Swoiste odwrócenie trendu można było także zauważyć w oświetleniu. Nowe lampy to dużo drewna, widoczne śruby, kable, mocowania połączone z bardzo opływowymi kształtami drewnianych nóżek i abażurów. W siłę rosną producenci oświetlenia ledowego – i to dosłownie, gdyż w porównaniu z poprzednim rokiem główną zmianą jest większa moc prezentowanych lamp. Stonowane podświetlenia ustępują miejsca intensywnemu w żywszych kolorach. W zakresie kolorystyki z kolei wciąż w modzie pozostają kolory ziemi złamane intensywnymi dodatkami, jak pomarańczowy, czerwony, żółty. Jedną z nielicznych zaskakujących nowości było pokazanie przez projektantów gotowych pokoi młodzieżowych. Zorganizowane na niewielkiej przestrzeni, praktycznie rozmieszczone z łóżkami piętrowymi, ukrytymi schodami i niezliczonymi schowkami, wymagały nierzadko lektury solidnej instrukcji obsługi, bez której trudno było odkryć ich wszystkie możliwości.
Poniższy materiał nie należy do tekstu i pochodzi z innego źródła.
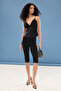 Black 3D Rose Detailed Woven Bustier Tprss25Bs00010 - 2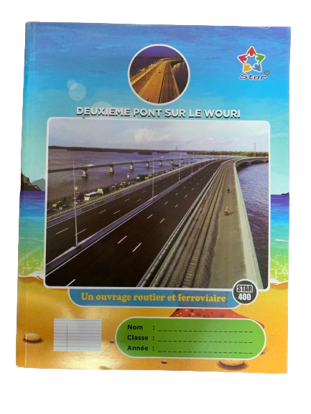 Image de Cahier francophone Star - Importé -  400 Pages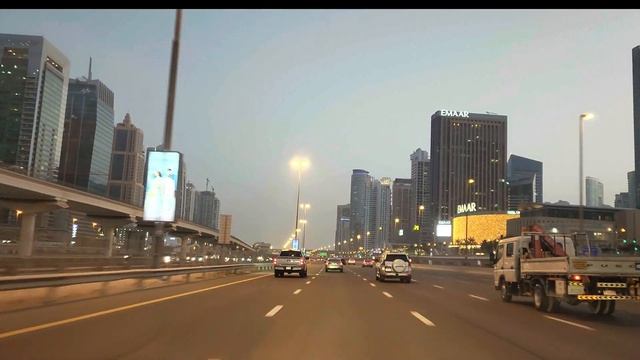 [4K 60fps] Dubai Main Roads | Sheikh Zayed Road | Al Khail Road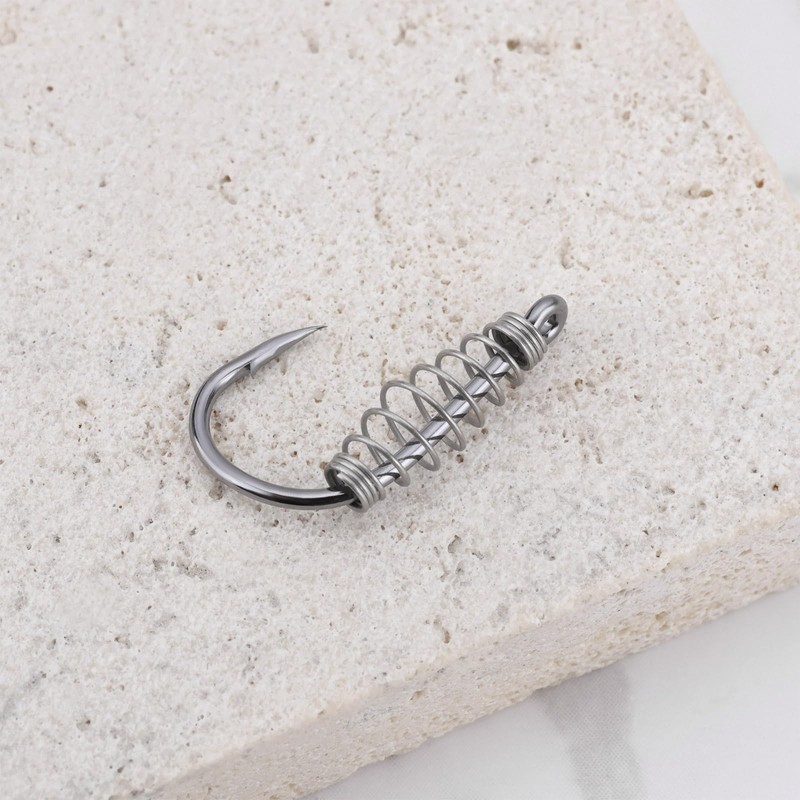eMagTech 20pcs Black Spring Fishing Hooks Size 10# High Carbon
Pozytywną informacją jest, że na targach w Mediolanie Polacy coraz częściej występują nie tylko jako zwiedzających, ale także jako wystawcy. Między stoiskami uznanych na całym świecie firm, jak Poliform i Moroso, równie okazale prezentowali się przedstawiciele Paged oraz działający pod wspólnym szyldem Young Creative Poland marki Iker, Noti, Vox i Zieta.